Еще кое-что из принадлежавшего Дарию имущества осталось неоскверненным македонянами, которые отличались от обычных бандитов лишь тем, что сражались не толпой, а правильным строем. Македоняне доставили в шатер Александра плененных мать и жену Дария: «первая внушала уважение не только своей судьбой, но и возрастом, вторая ― своей красотой, не помраченной даже в ее положении. Она держала на руках сына, еще не достигшего 6 лет, рожденного для столь же счастливой судьбы, как та, которую только что потерял его отец. А на груди старой бабушки лежали две взрослые девушки, ее внучки, подавленные скорбью не столько за себя, сколько за нее. Вокруг них стояла большая толпа знатных женщин, с распущенными волосами, в разорванных одеждах, забывших о своем прежнем достоинстве, величавших своих цариц и владычиц их истинными титулами, утратившими теперь свое значение. Те же, забыв о своем несчастье, расспрашивали, на каком фланге был Дарий, каков исход сражения: они не считали себя пленницами, пока был жив Дарий» (Курций).

Александр не спешил к знатным пленницам: вернувшись из длительной погони за Дарием, он принял участие в пиршестве с самыми близкими друзьями. Развлечение прервали женские вопли, доносившиеся из соседней палатки. «Причиной этой внезапной тревоги было то, ― рассказывает Курций Руф, ― что мать и жена Дария вместе с пленными знатными женщинами с криком и рыданиями оплакивали, как они думали, убитого Дария. Случайно оказавшийся у палатки женщин один пленный евнух увидал в чьих-то руках плащ, брошенный Дарием, чтобы не быть узнанным во время бегства… Думая, что плащ снят с мертвого Дария, он и принес это ложное известие. Говорят, что Александр, услышав об этом заблуждении женщин, прослезился над судьбой Дария и любовью к нему его семьи. Сначала он приказал владевшему персидским языком Митрену, пойти и утешить женщин, но затем, опасаясь, что вид предателя усилит гнев и боль пленниц, он послал Леонната, из своих приближенных, сообщить женщинам, что они по ошибке оплакивают живого».

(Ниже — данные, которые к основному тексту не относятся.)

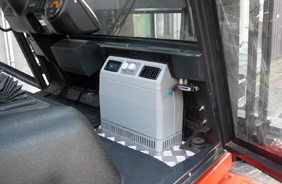 Climatizzatori condizionatori per trattori, escavatori e carrelli elevatori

На следующий день Александр с почетом похоронил павших македонян и велел оказать такие же почести знатнейшим персам, предоставив матери Дария право «похоронить по обычаям их страны кого она пожелает». И лишь после этого Александр решил навестить сиятельных пленниц.

Знакомство началось с небольшого конфуза. Александр вошел в палатку семьи Дария со своим ближайшим другом Гефестионом. Последний был ровесником царя, но превосходил его ростом и потому был ошибочно принят за Александра. Женщины выразили Гефестиону покорность по обычаю своей страны, а Александр терпеливо ждал, пока друг наслаждался вниманием царственных женщин Персии.

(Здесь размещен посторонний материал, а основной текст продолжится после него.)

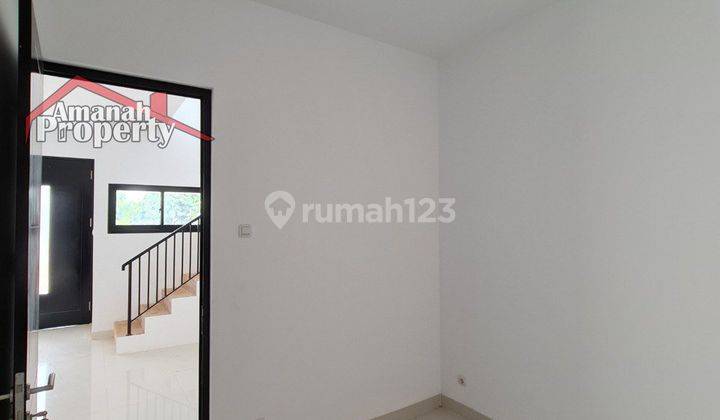 Rumah Dp 0 Fasum Kolam Renang Cipayung Jakarta Timur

Когда выяснилась ошибка, мать Дария ― Сисигамбис ― обняла ноги Александра, «прося прощение за то, что она не узнала царя, которого никогда прежде не видела». Александр поднял царицу и произнес: «Ты не ошиблась мать; и этот человек ― Александр».

Так Александр любезно позволил Гефестиону пользоваться его именем и славой. «Я склонен думать, ― рассуждает Курций Руф, ― что если бы он сохранил эту скромность души до конца жизни, это принесло бы ему больше счастья, чем то триумфальное шествие, в котором он, подражая Отцу Либеру, прошел как победитель по всем странам, от Геллеспонта до Океана. Тогда он, конечно, умел бы подавлять в себе свои неодолимые пороки, гнев и гордыню, не стал бы убивать друзей на пирах и не осуждал бы на смерть без разбора людей, выдающихся в военном деле и вместе с ним покоривших столько народов. В то время удача еще не помрачила его духа: приняв ее в начале очень скромно и мудро, он, в конце концов, не выдержал ее величия.

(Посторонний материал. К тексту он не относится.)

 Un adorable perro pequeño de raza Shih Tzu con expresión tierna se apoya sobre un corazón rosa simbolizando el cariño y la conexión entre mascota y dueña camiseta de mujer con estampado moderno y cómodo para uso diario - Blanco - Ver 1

Он вел себя тогда так, что превзошел сдержанностью и милосердием всех прежних царей. К царственным девушкам изумительной красоты он относился с таким уважением, как к своим единородным сестрам. Жену Дария, с которой не могла сравниться красотой ни одна женщина того времени, он не только не обидел сам, но и позаботился о том, чтобы никто не смел прикоснуться к пленнице. Он приказал возвратить женщинам все их драгоценности, и они, как прежде, ни в чем не испытывали недостатка, кроме чувства свободы. Тогда Сисигамбис сказала: «О царь, ты достоин того, чтобы мы возносили за тебя те же молитвы, которые возносили за нашего Дария, так как ты превзошел столь великого царя не только счастьем, но и справедливостью. Ты называешь меня матерью и царицей, а я признаю себя только твоей служанкой. Я могу подняться до высоты моего прежнего положения и могу перенести тяжесть нынешнего. Но для тебя важно, чтобы ты в обращении с нами прославился больше милосердием, чем жестокостью».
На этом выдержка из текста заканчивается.